## WORK INSTRUCTION
In the entries below, begin at the line that has "The coolant may" and stop after the line that has "Peanut butter cups, dark"; output those lines exactly, leaving out pictures.

● ● ● ●

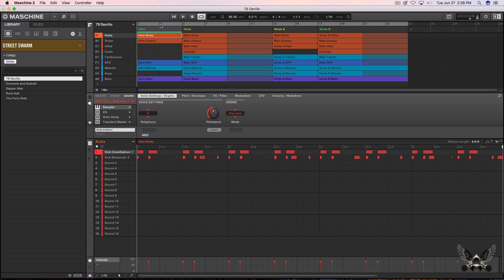Alright, so this is a project called 79 Deville. It's at 86 beats per minute. I'm just gonna play it and let's check it out. Pretty tight. Let's jump on one — Concrete and Asphalt.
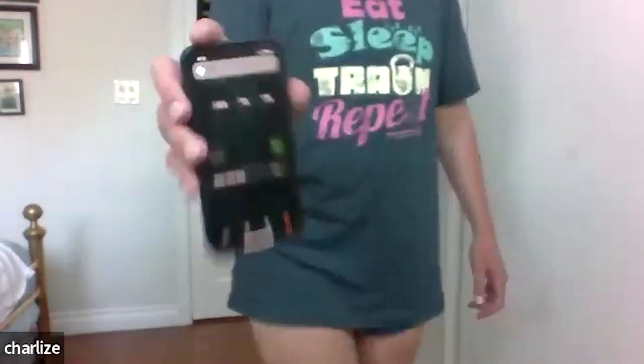Good job! Twenty more seconds. Ten, nine, eight, seven, six, five, four, three, two, one. Okay, my friends, that concludes a minute of high knees. Make sure you shake out your knees or your legs if you feel it.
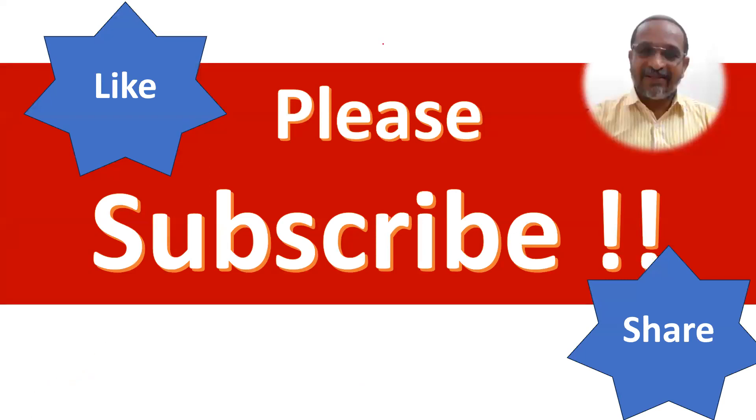Please press the like button if you like this video. Thank you so much for watching.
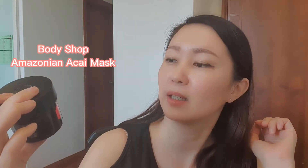Today I'll be sharing my favorite masks, so maybe you'll want to try them as well. This is one of my favorite exfoliating masks — the Body Shop Maison Acai mask.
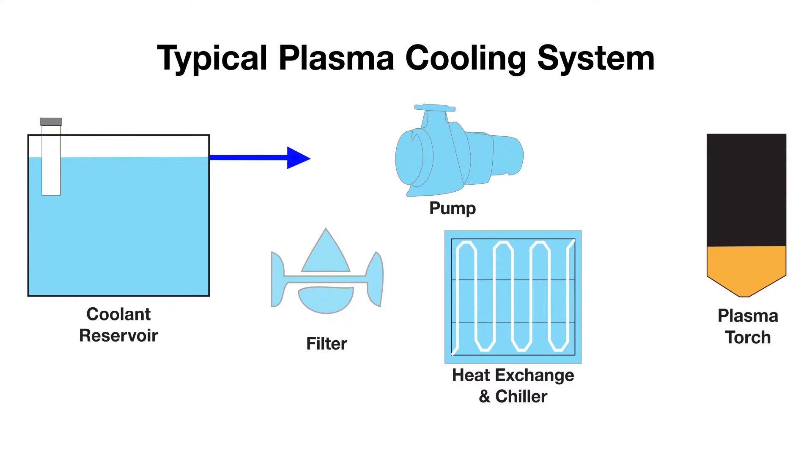The coolant may not be flowing through the system at the proper volume, allowing torch and consumable temperatures to rise above system limits. This could cause a complete system shutdown if left unchecked.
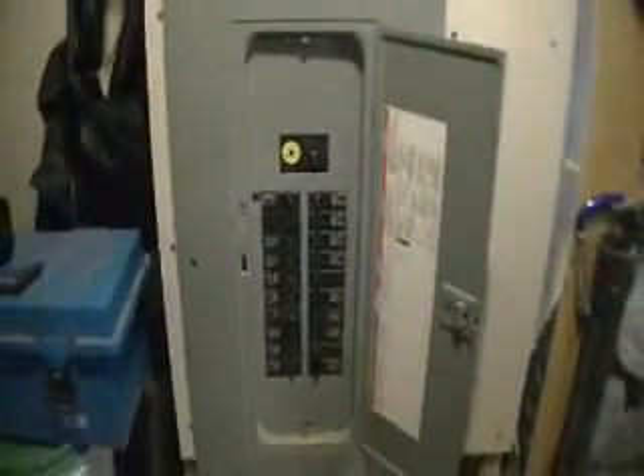Now, it's not automatic that that's a 100-amp service, because you can put a breaker that exceeds the wiring or the service — but that's a pretty good indicator.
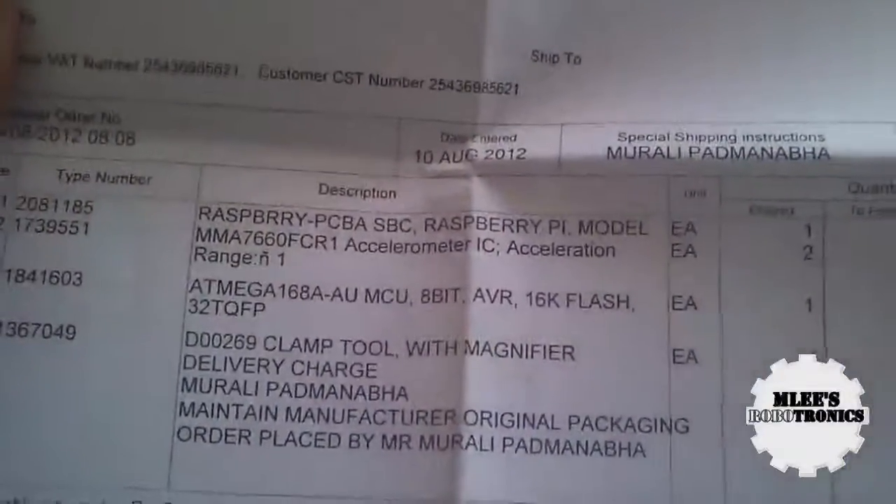The first item is the Raspberry Pi — for those who don't know, it's a credit card-sized computer. I also ordered a few accelerometers and an ATmega 168 microcontroller.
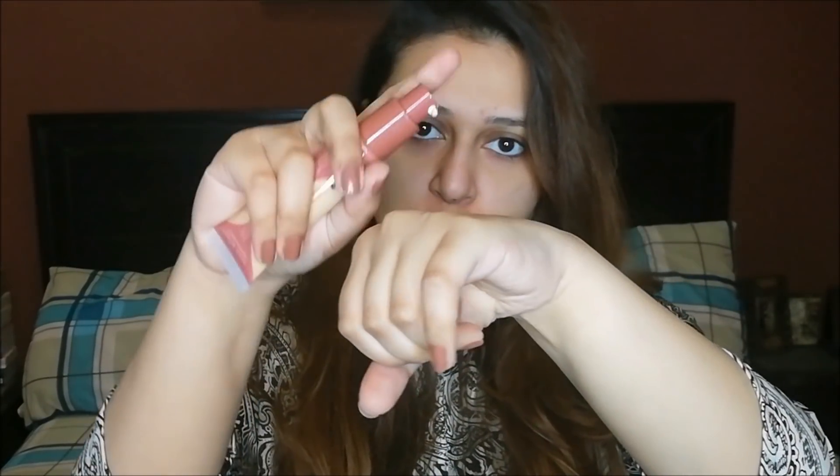When you open the cap it comes with a pump, so you will squeeze it through the pump. I really like the packaging — it is very nice and luxurious. Miss Rose's packaging is always good; it is one of the top drugstore brands.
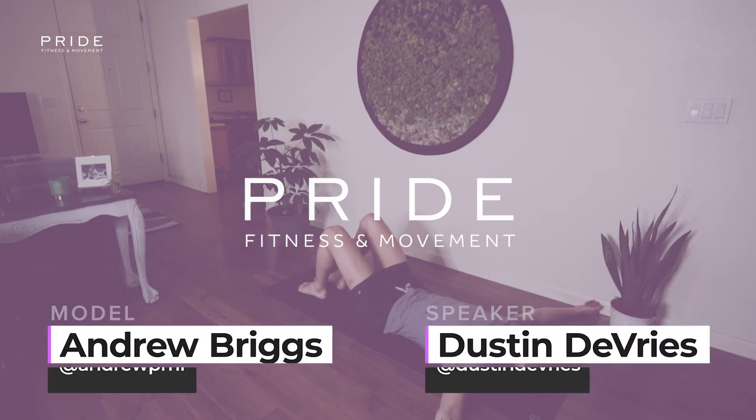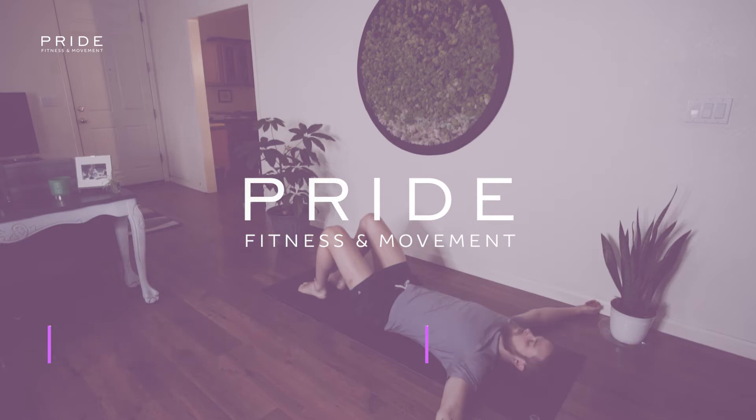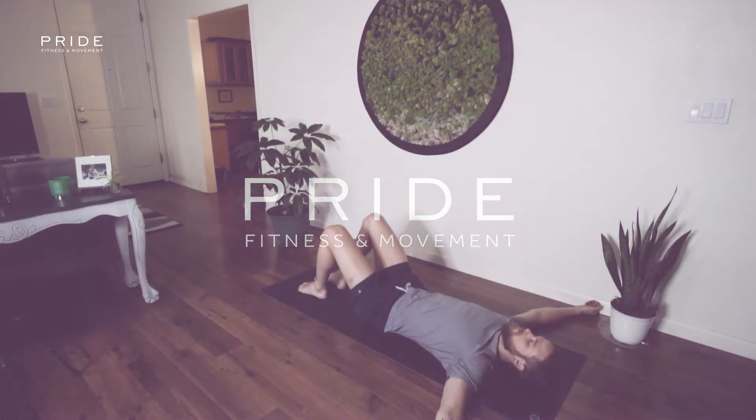Hi guys, this is Dustin and Andrew with Pride. Today we're going to be going through a Zone 2 exercise called the Alternating Leg Drop.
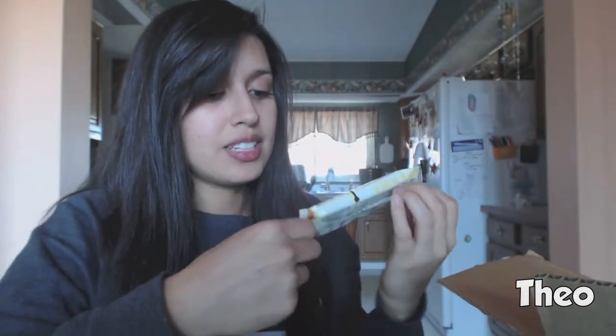Peanut butter cups, dark chocolate - oh my god, palm-free and soy-free. It's Theo's, I think I've heard of this brand. Oh my god, I thought they were heart-shaped, it's just messed up. It's good - I need another bite. It tastes like a peanut butter cup with dark chocolate. It's good, I mean nothing special - just a peanut butter chocolate cup.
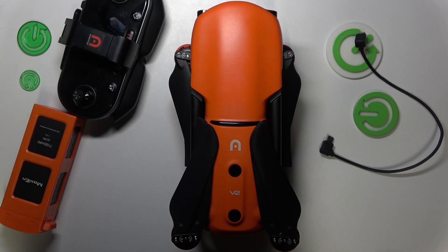This is the Autel EVO 2 Pro, and today I will show how you can set this drone up and prepare it for your first flight.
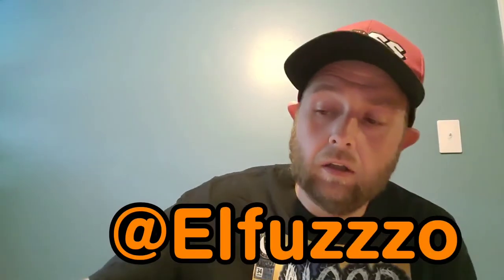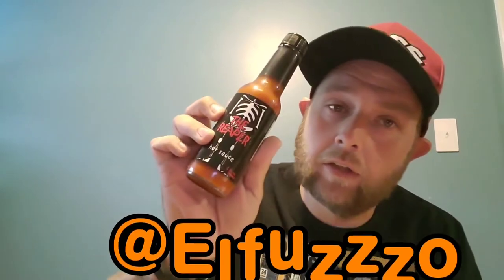What up, everybody? It's your boy El Fuzzo, back again with another hot sauce review and a comic book review.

● ● ● ●

## REPLY TO THE TASK
The coolant may not be flowing through the system at the proper volume, allowing torch and consumable temperatures to rise above system limits. This could cause a complete system shutdown if left unchecked.
Now, it's not automatic that that's a 100-amp service, because you can put a breaker that exceeds the wiring or the service — but that's a pretty good indicator.
The first item is the Raspberry Pi — for those who don't know, it's a credit card-sized computer. I also ordered a few accelerometers and an ATmega 168 microcontroller.
When you open the cap it comes with a pump, so you will squeeze it through the pump. I really like the packaging — it is very nice and luxurious. Miss Rose's packaging is always good; it is one of the top drugstore brands.
Hi guys, this is Dustin and Andrew with Pride. Today we're going to be going through a Zone 2 exercise called the Alternating Leg Drop.
Peanut butter cups, dark chocolate - oh my god, palm-free and soy-free. It's Theo's, I think I've heard of this brand. Oh my god, I thought they were heart-shaped, it's just messed up. It's good - I need another bite. It tastes like a peanut butter cup with dark chocolate. It's good, I mean nothing special - just a peanut butter chocolate cup.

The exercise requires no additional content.